Priscilla Shumba: Oh, I love it. Now you've developed a platform called MBA ASAP, and maybe speak to us about the mission and why you came to this point of you need to create this MBA asap.
John Cousins: Basically what it stands for, MBA is Master of Business Administration. It's the graduate degree in [00:03:00] business and ASAP , in America it means as soon as possible just, really fast. What happened was, I had been a tech entrepreneur and then my sister was teaching finance in the evenings at a university.
And she was working in finance, and I thought, that's so cool. She's teaching. And I'd like to do that. So I went back to my town and started knocking on some doors and got some appointments teaching finance and some of the other business courses.
I've started, oh. Over a dozen companies ended up taking two of them public so trading on the stock exchange and doing all the public company financings and reporting and all that as a CFO and CEO for about 15 years, when I started teaching I realized that, first of all, the textbooks are about this thick and, 800 pages on accounting, 800 pages on finance, 800 pages on marketing, and most of the marketing material was outdated because.
We, we went into digital marketing and [00:04:00] suddenly it was all about Facebook ads and using digital funnels and giving people lead magnets to get their, a free thing to get their email address. Putting them in an email list and giving them a sequence of emails to help them to convert to buy your product.
And, putting them to your webpage. And that stuff was not even really in the textbooks at that time. 'cause the textbooks are maybe 10, 15 years older. Than where we were. And, they were still thinking it was like putting ads on television or doing print ads in magazines.
And so it was a lot of outdated knowledge and also way too much knowledge, too much minutiae things that might be theoretically interesting, and academically interesting, but my experience was running companies, it wasn't really that practical and
It was confusing the students, the students would have all of this knowledge, like they're drinking out of a fire hose, and they were overwhelmed and so they didn't know what was important and what was less important, what was the kind of things , the fundamentals that you would use every day?

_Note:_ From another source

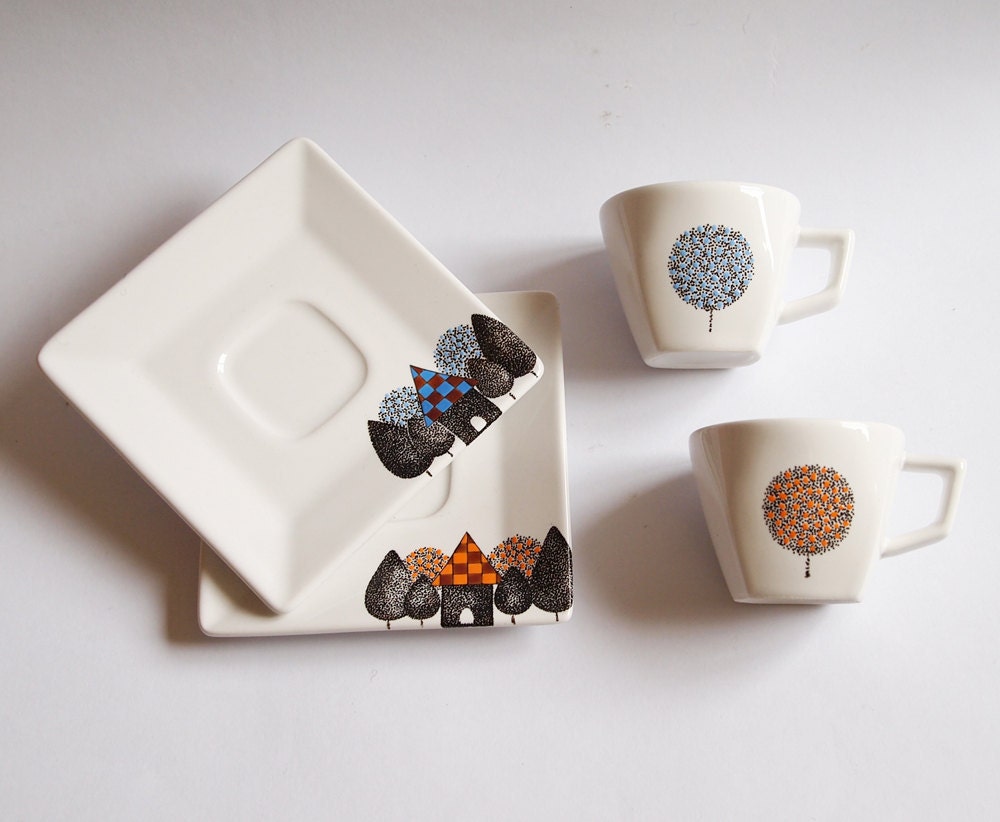 Summer village espresso coffee set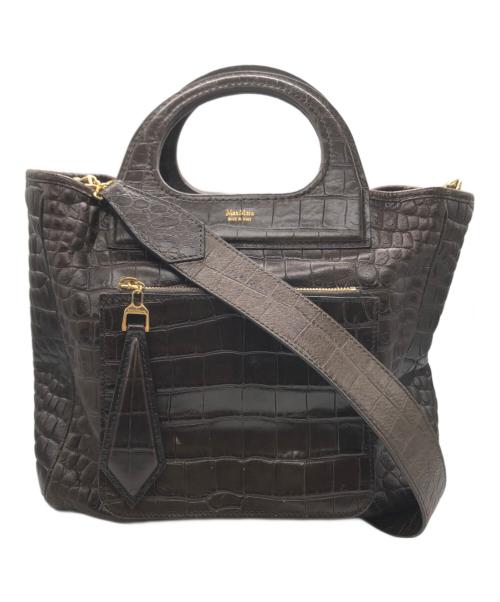 MaxMara（マックスマーラ）MaxMara (マックスマーラ) クロコ型押しショルダーバッグ ブラウンの古着・服飾アイテム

In running a business and what was something [00:05:00] that you might experience once in a while, but wasn't that recurring. And so it's better to focus on the things that you really needed to use every day. I broke it down to the fundamentals and suddenly I could see these light bulbs go off.
They were, oh my gosh, I've taken six courses and I never understood how to read , a balance sheet. Even though they've taken a bunch of accounting and finance courses, I realized there was a gap in the education. As I was teaching, I made some slide decks, PowerPoints, and from those I would reduce those to some little books, and just little word documents.
And from there I started to upload those books to Kindle Direct Publishing, KDP which is Amazon
suddenly I could just upload that manuscript and they had a cover creator. I could make a quick cover and suddenly I could sell it as a book. All around the world. That started to get me thinking about that. I kept writing books and little by little, making them longer. the beauty of Kindle Direct Publishing is that they'll make a paperback, a [00:06:00]hardcover, and a Kindle version, and now also an audio version of the book from Audible with a synthesized voice.
at a a press of a button. It's amazing. Every time I wanted to add a chapter or add even a few sentences or something, I could just revise my manuscript, upload it again, and the very next day, the new manuscript was there. So I didn't have to worry about the book being perfect before I published it.
I could publish it and then iterate and just keep continually making it better as ideas came to me and polish them as I went along. So that's how I really got started. With M-B-A-A-S-A-P was writing these books. And then I started to just record my lectures that I was doing at universities on my phone with a little tripod, and put a little, microphone on my neck and then get up the whiteboard and write my things and talk.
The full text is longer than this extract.